The initial geometry for the HG3.R5–5-nitrobenzisoxazole (1) complex was generated from chain A of the crystallographic structure (PDB 8RD5) of HG3.R5 in complex with the TSA (3) and replacing its coordinates with the optimized coordinates of 5-nitrobenzisoxazole (1) (M06-2X/6-31G(d) level of theory). Crystallographic waters were preserved. The enzyme–substrate complex was then prepared for classical MD relaxation with the Amber 22 (ref. [63) suite using the ff19SB70 force field for the protein and gaff2 (ref. 71) for the substrate. The complex was immersed in a water box with a 10 Å buffer of OPC72 water. A two-stage geometry optimization approach was implemented. The first stage minimizes only the positions of solvent molecules, and the second stage is an unrestrained minimization of all the atoms in the simulation cell. The systems were then heated for 100 ps by incrementing the temperature from 0 to 300 K under a constant pressure of 1 atm and periodic boundary conditions with a timestep of 1 fs.
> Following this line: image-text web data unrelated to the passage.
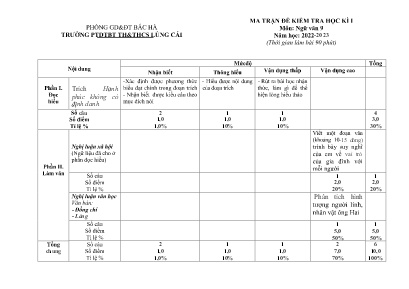 2 Đề kiểm tra học kì I Ngữ Văn 9 - Năm học 20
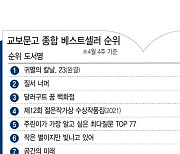 [위클리 핫북]② 전민희 '룬의 아이들 블러디드'로 판타지 소설 인기몰이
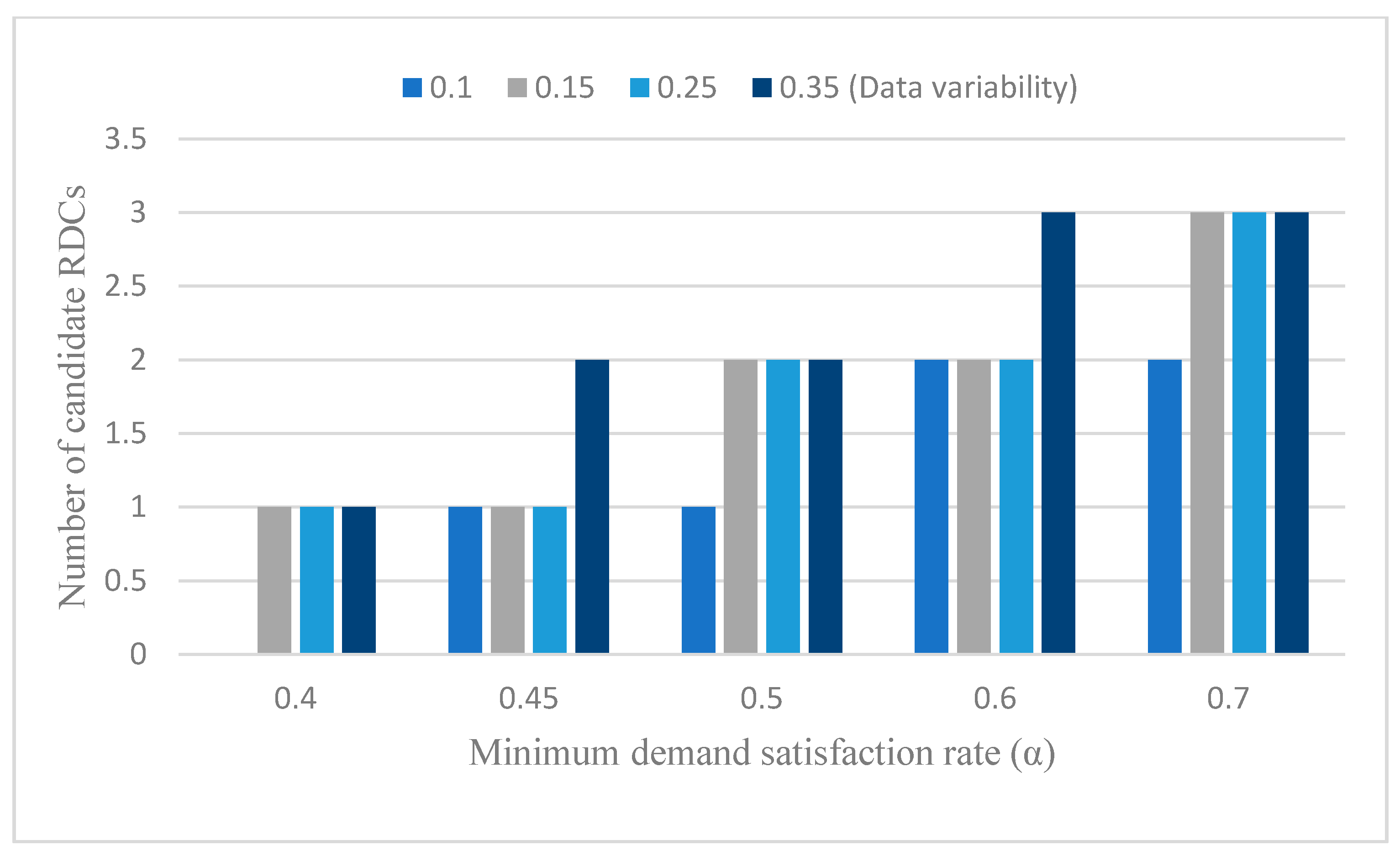 Sustainability 13 09281 g008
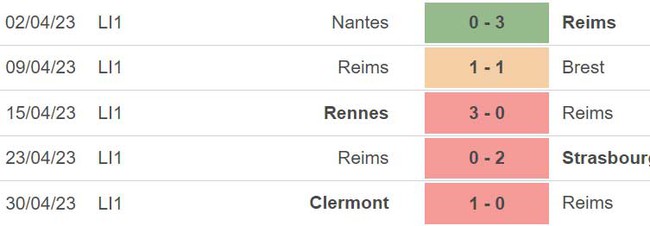 Nhận định, nhận định bóng đá Reims vs Lille (00h00, 7/5), vòng 33 Ligue 1 - Ảnh 4.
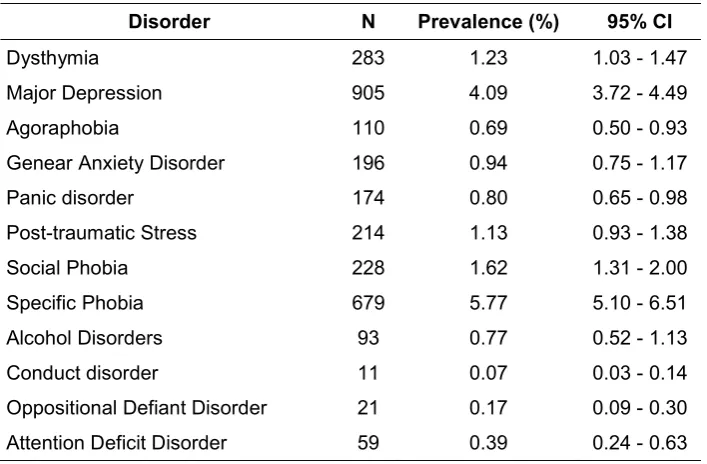 Table 1. Sample weighted 12-month prevalences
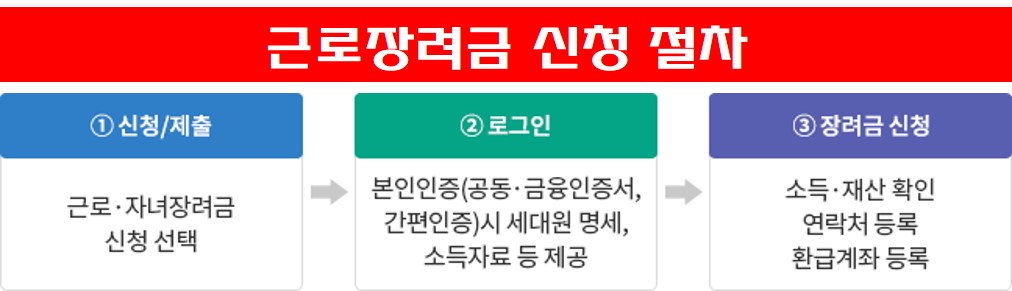 국세청 근로장려금 신청절차 사진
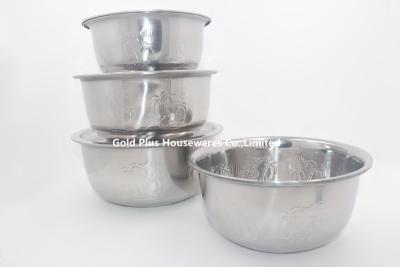 China el fregadero de cocina grabado en relieve los lavabos vegetales de cocinar del modelo del precio de fábrica del lavabo del 18-40cm que se lavaba en venta hizo en China en venta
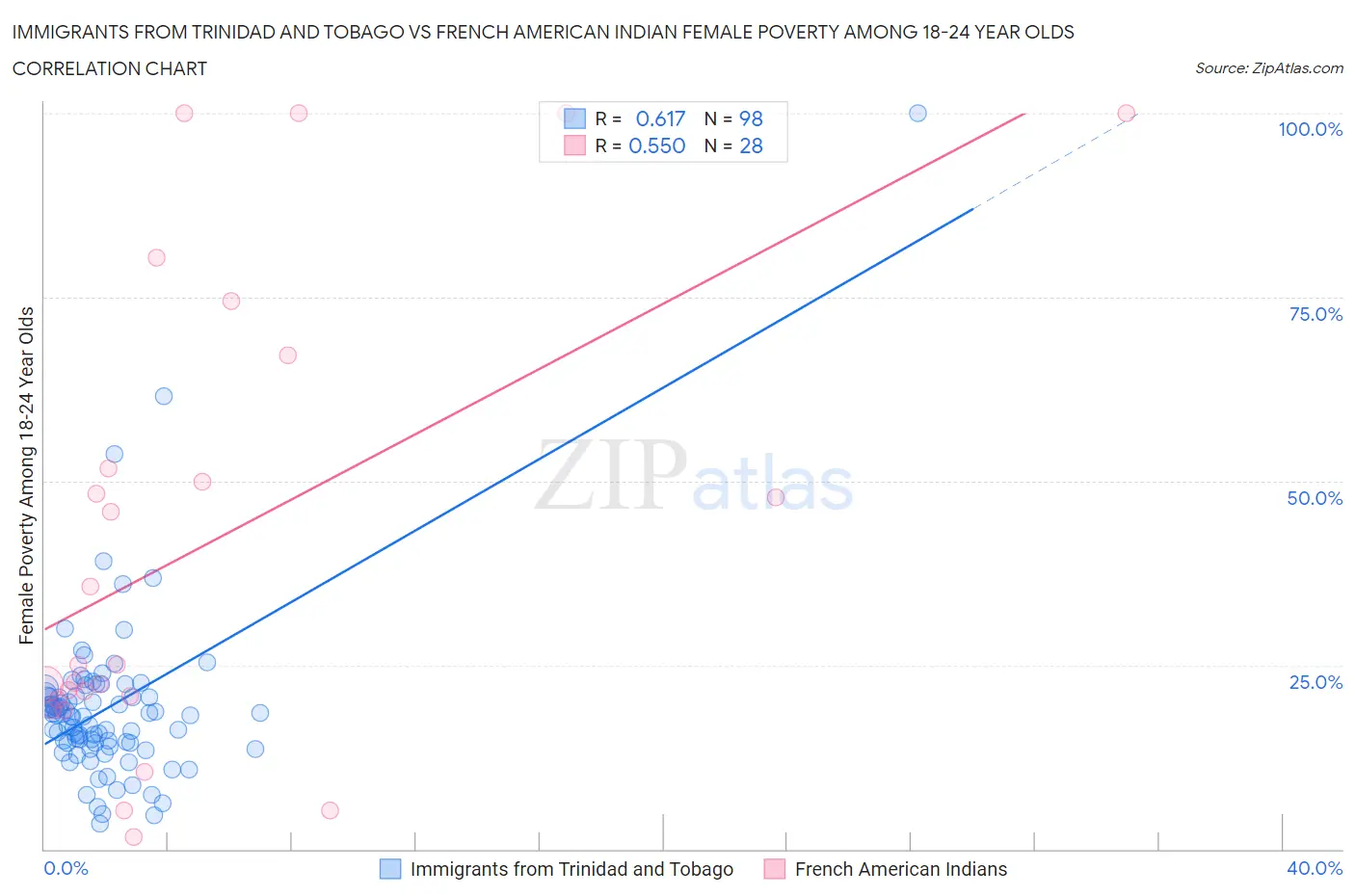 Immigrants from Trinidad and Tobago vs French American Indian Female Poverty Among 18-24 Year Olds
Harmonic restraints of 50 kcal mol−1 Å−2 were applied to the solute, with the Andersen73 temperature coupling scheme to control and equalize the temperature. The last geometry of the equilibration trajectory was extracted, and solvent molecules were trimmed, leaving an 8 Å thick water shell around the solute.

Full geometry optimizations and transition state searches were carried out with Gaussian 16 (ref. 67; ONIOM74 QM/MM method, with electrostatic embedding) using the M06-2X hybrid functional and 6-31+G(d) basis set with ultrafine integration grids for the QM part. The MM part was described with the ff14SB65, gaff2 (ref. 71) and TIP3P75 force fields for the protein, ligand and water, respectively. The QM layer includes the whole 5-nitrobenzisoxazole (1), the side chains (up to Cβ) of D127 and Q50 and the two conserved water molecules shown in Extended Data Fig. 4. Only solvent molecules were kept frozen, except for the two water molecules in the QM layer, to allow adaptation of the enzyme along the reaction path. All stationary points were characterized by a frequency analysis performed at the same level of theory, from which thermal corrections were obtained at 298.15 K. ONIOM energies, entropies, enthalpies, Gibbs free energies and lowest frequencies of the calculated structures are summarized in Supplementary Table 3. The effect of crystallographic water we on the activation barrier was computed by manually removing we and reoptimizing the reactant and transition state at the same level of theory.

Reporting summary

Further information on research design is available in the Nature Portfolio Reporting Summary linked to this article.